Legia Warszawa – Hapoel Tel Awiw 3:2
Po golach Danijela Ljuboji, Marcina Komorowskiego i Miroslava Radovicia Legia pokonała Hapoel 3:2.
Po golach Danijela Ljuboji, Marcina Komorowskiego i Miroslava Radovicia Legia pokonała Hapoel 3:2.
Wcześniej zespoły z obu krajów tylko w czterech meczach spotykały się w rozgrywkach UEFA. Polskie drużyny wygrały trzy spotkania i jedno przegrały. Drużyna Macieja Skorży chciała podtrzymać dobrą passę i zwyciężyć na własnym terenie. Tym bardziej, że w ostatnich siedmiu spotkaniach w europejskich rozgrywkach u siebie Legia przegrała tylko raz.
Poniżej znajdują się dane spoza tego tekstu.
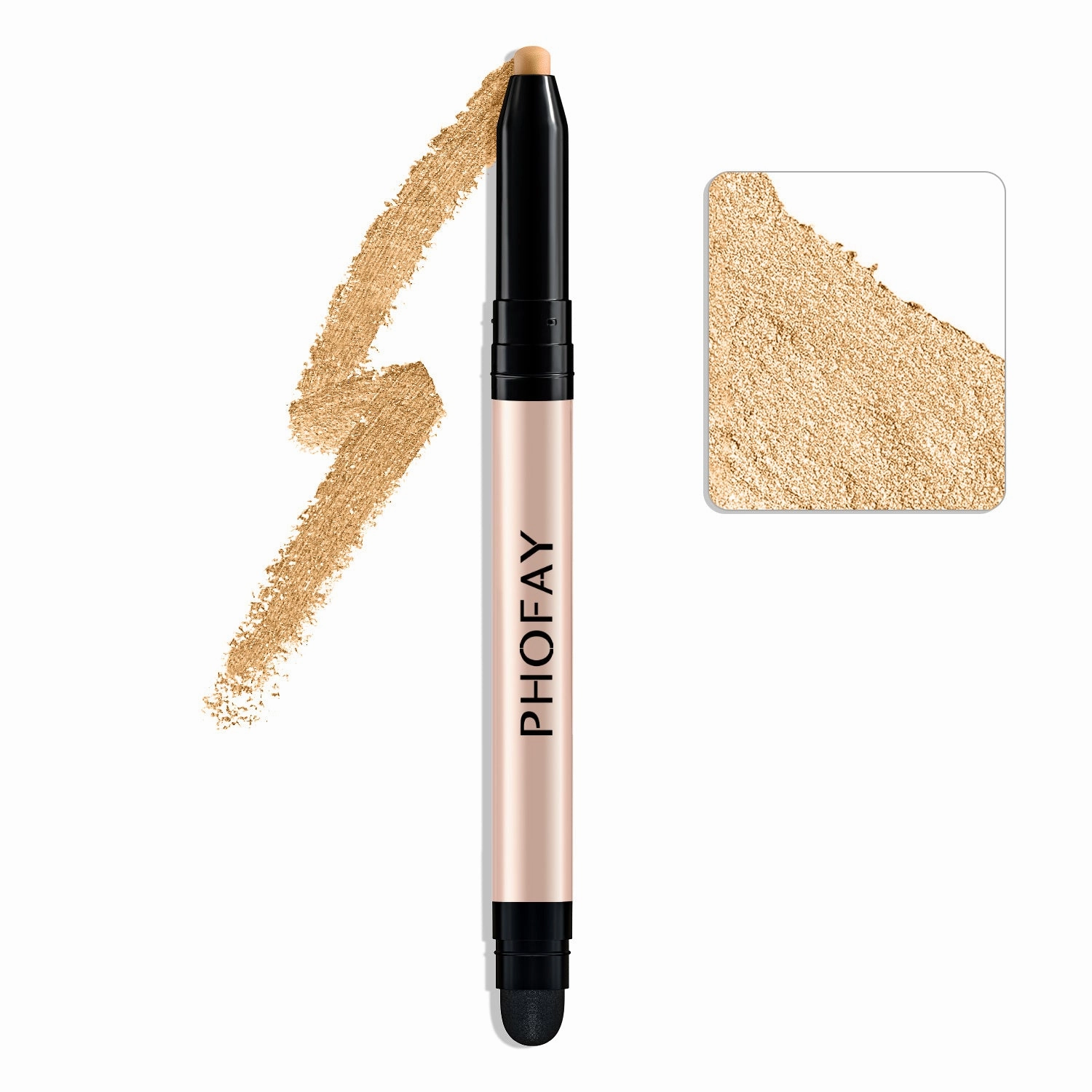 Eye shadow Stick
Warszawski zespół rozpoczął od zdecydowanych ataków. Piłkarze Legii konstruowali akcje ofensywne, ale Hapoel dobrze się bronił. W 17. minucie po raz pierwszy groźnie zaatakowali goście – strzał z prawej strony pola karnego oddał niepilnowany Toto Tamuz, ale Dusan Kuciak był na posterunku. W 20. minucie z rzutu wolnego próbował Salim Toama, jednak piłka odbiła się od obrońców.
Dwie minuty później w środku pola faulował Marcin Komorowski, a do rzutu wolnego znów podszedł Toama. Tym razem oddał kąśliwy strzał w prawy róg bramki legionistów, lecz kolejną dobrą interwencją popisał się Kuciak.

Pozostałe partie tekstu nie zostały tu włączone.